Obstacles for Turkey's economy
Obstacles for Turkey's economy

The Turkish lira hit a record low on Monday after Turkey's ruling party failed to win an overall majority in the country's parliamentary elections.

The lira fell to 2.81 against the U.S. dollar, about 5% weaker than Friday's close of 2.66. For much of last month, the lira had been hovering around 2.6, and has tumbled by about 20% against the dollar so far this year, making it one of the worst performing emerging market currencies. Stocks in Istanbul dropped nearly 6% in morning trading.

On Sunday, President Recep Tayyip Erdogan's Justice and Development Party (AKP) won about 41% of the vote, or 259 of the 550 seats up for grabs. The election marks a major shift in power -- for the first time since coming to power in 2002, the AKP Party no longer holds an outright majority, and will now likely need to form a coalition with other parties.
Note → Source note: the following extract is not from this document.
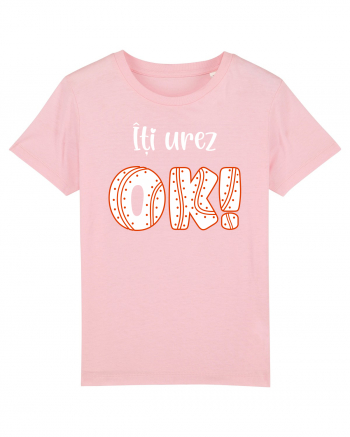 Îți urez OK! Cotton Pink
Erdogan continues to face an uphill battle with Turkey's economy, which is now posting dramatically slower growth compared to just a handful of years ago.

First quarter growth figures are due out Wednesday, and economists are expecting around 2% growth compared to last year, down from 2.6% gross domestic product growth in the last quarter of 2014. That's a far cry from the 9% increase Turkey posted in 2010.
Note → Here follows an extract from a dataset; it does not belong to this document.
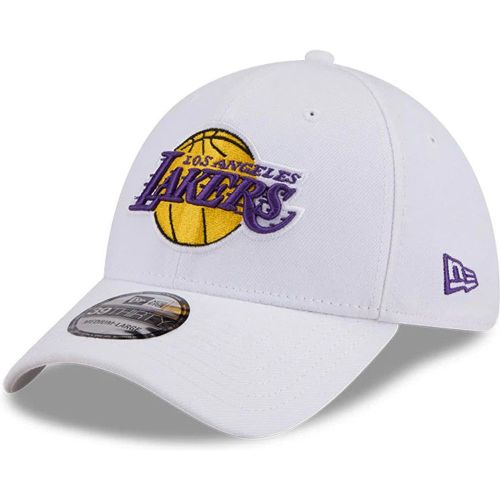 Casquette 39THIRTY Stretch Fit Evergreen LA Lakers NBA Blanc unisex - New Era Cap - Modalova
Related: Biggest loser from the strong dollar: Emerging markets

Turkey is also fighting rising inflation -- last month, the central bank "hinted that it's more concerned about the inflation outlook than before," according to Capital Economics.
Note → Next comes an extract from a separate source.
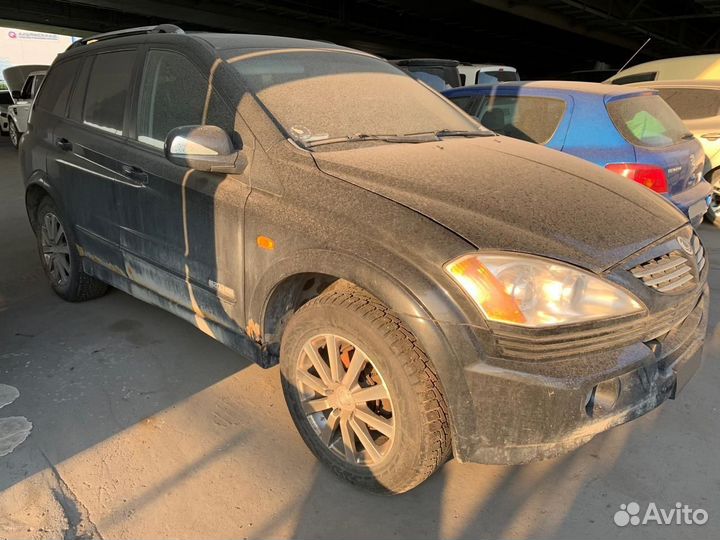 SsangYong Kyron 2.0 AT, 2005, 356 000 км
And more than 20% of its government debt is denominated in a foreign currency, according to Moody's -- that's a lot of foreign debt to pay off as the value of its own lira sinks.

Investors have sent Turkish stocks down by over 10% so far this year over growth and political concerns.

Experts say that going forward, Turkey will need painful, longer-term economic reforms, rather than temporary solutions, to shore up its economy.